Film Review: Sinners (2025)
Title: Sinners
Director: Ryan Coogler
Genre: Horror, Drama
Format: Streaming
Available on HBOMax
Amongst endless remakes and sequels, Sinners is fresh, new, and with more depth than most – easily the strongest new horror film of the year, if not the decade. It follows twins, Shake and Stack, who return to their home in the Mississippi Delta to open a juke club staffed by their friends and loved ones. But this is 1932, and the Klan has a plan for the twins and their club. What neither group expects is the arrival of a strange Irishman with reflective eyes and skin that burns in the sunlight.
Sinners is sharply written with a strong eye towards setting. It simmers and wanders like the Delta itself, building momentum by creating buy-in around our characters who are the core of the movie. Michael B. Jordan and newcomer Miles Caton are our stars, and they lead with a perfect balance of gravitas and grounded-ness. Caton, a musician in real life, has something different and special about him. It’s easy to believe his blues performance could summon something otherworldly – the scene where he first performs at the club is one of cinema’s recent masterpieces.
All the actors in this movie brought something substantial to the plate, but I enjoyed Delroy Lindo’s portrayal of Delta Slim and Wunmi Mosaku as Annie the most. Slim brings a much-needed humor to the film which burns through his character all the way to the end.

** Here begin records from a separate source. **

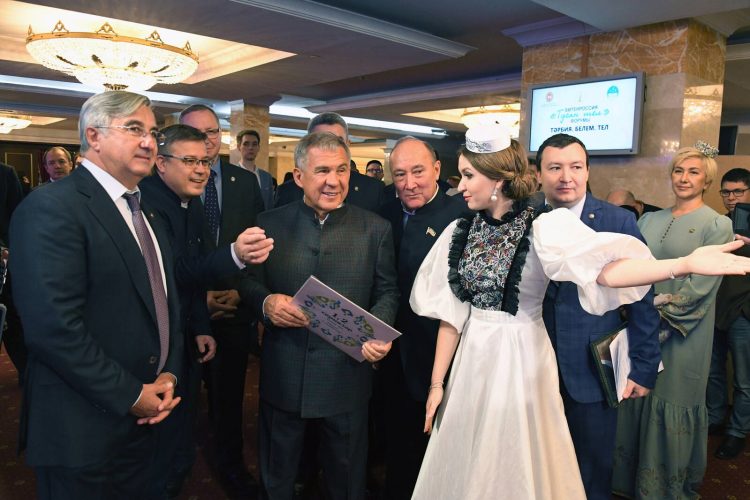 ГТРК «Татарстан» презентовала Минниханову пластинку с записью радиоспектакля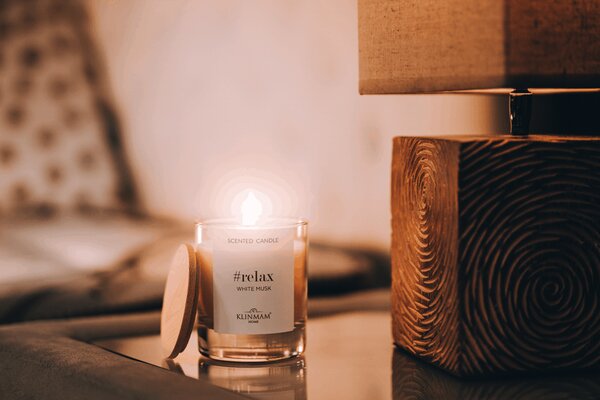 Luxusná sviečka Klinmam Home White Musk z prírodných surovín a púdrovou vôňou s nádychom vanilky
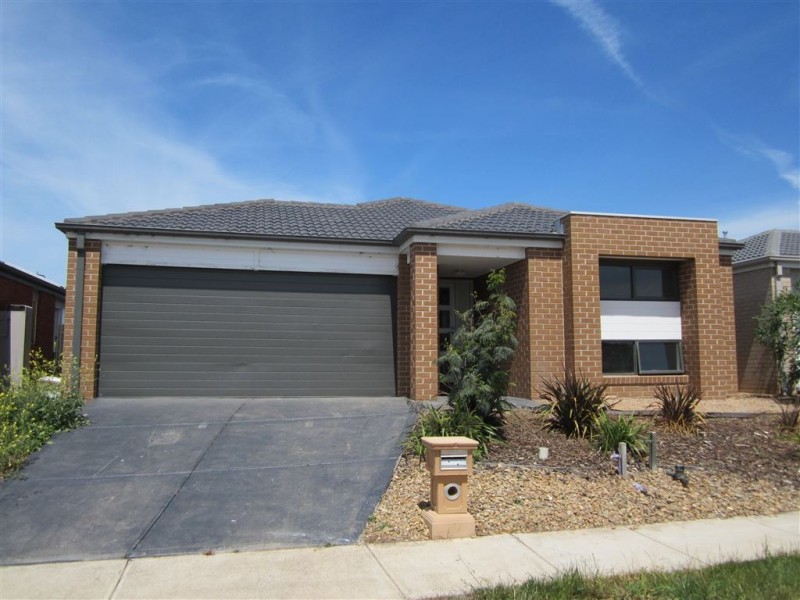 17 Manuka Grove, Wyndham Vale VIC 3024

Mosaku as Annie, a spiritualist, gives our characters the tools they need to fight to stay alive until dawn. She is calm, collected, and sensual, a perfect match for the tireless energy of Michael B. Jordan. If writer-director, Ryan Coogler, were to revisit this cinematic universe, I’d love a whole movie about Annie. She was the most deeply embodied character in the movie, and I came to root for her over all others.
Sinners feels like a southern gothic family saga in the first act, becomes spiritual and folkloric in the second, then breaks into action and gore in the third. The gore is unsettling but nowhere near as unsettling as the themes of the movie, which revolve around colonialism, white supremacy, and cultural appropriation. For this reason, it is far more painful than your average horror movie. The audience feels the weight of not just what is happening on screen but what has happened to Black folks time and again with no consequence for centuries.
Coogler likes to sum up his themes in a beautiful and poignant way near the end of his movies. Usually, in just a few lines. Michael B. Jordan delivers this to us in Sinners post-credits, in a scene that wraps the entire movie up in a deeply emotional way. The context, the depth, and weight of the moment were enough to make me sob.
Sinners has the emotional depth and atmosphere of Eve’s Bayou combined with the eerie, more subtle candlelight-action of Midnight Mass. Coogler really never misses, but this movie – undefinable, refusing to be categorized or back down in its message – is his most creative and ingenious. 5/5.